I don't remember the post, but she offhandedly (and jokingly) said something like "on a shore dive, I keep my regs in my mouth until I'm back at the car". At the time, I'd take them out once I got to the surface, and maybe switch to snorkel if there was chop. But the point was made, until there's no chance of getting your face wet, make sure you have air getting into your air hole.
So the very first ocean dive with my new drysuit after that was at the local breakwater. It's a really easy dive site, and this one was decent but mostly unmemorable. I must have said something about keeping regs in to my buddy (an instabuddy from the local dive shop.) We surfaced, got onto the huge breakwater rocks (each is about 5 feet long, and 3 feet on each remaining side. They're big.) It was lowish tide, and we got onto a barnacle and seaweed covered layer to clamber back up and get to the staging area (read: parking lot) It's standard egress for the site.
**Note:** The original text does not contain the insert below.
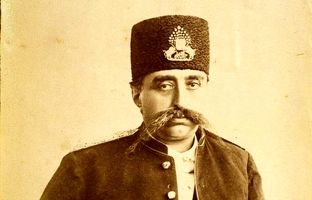 عکس قدیمی: مظفرالدین شاه در کنار شاه و ملکه انگلیس در سال 1281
This is where The Dive Became Memorable. I don't know what happened, wake from a container ship, meteor strike, but I got my a$$ handed to me by a huge wave, from behind, gooned down, cross-checking major plus misconduct suspension, face-down onto the rocks, underwater. I struggled with the 100# of gear to get up, got onto my knees, then it happened again. And again. And again. Over and over. It just didn't stop. I was face-down in the water, getting scraped along the barnacles and seaweed. This went on for more than a minute, and I couldn't get up. I found out my buddy couldn't help me because the waves kept him turtled.
Lucky my suit is a puncture-and abrasion-resistant style with Kevlar reinforcement, otherwise I would have had to replace it after one dive.
More importantly, lucky my buddy and I were still using regulated air. If we had switched to atmospheric, I don't know what would have happened. I'd likely have drowned.
That's how she saved my life, and hey, maybe my buddy's. Thanks, Lynne.
Does anyone know her preferred drink?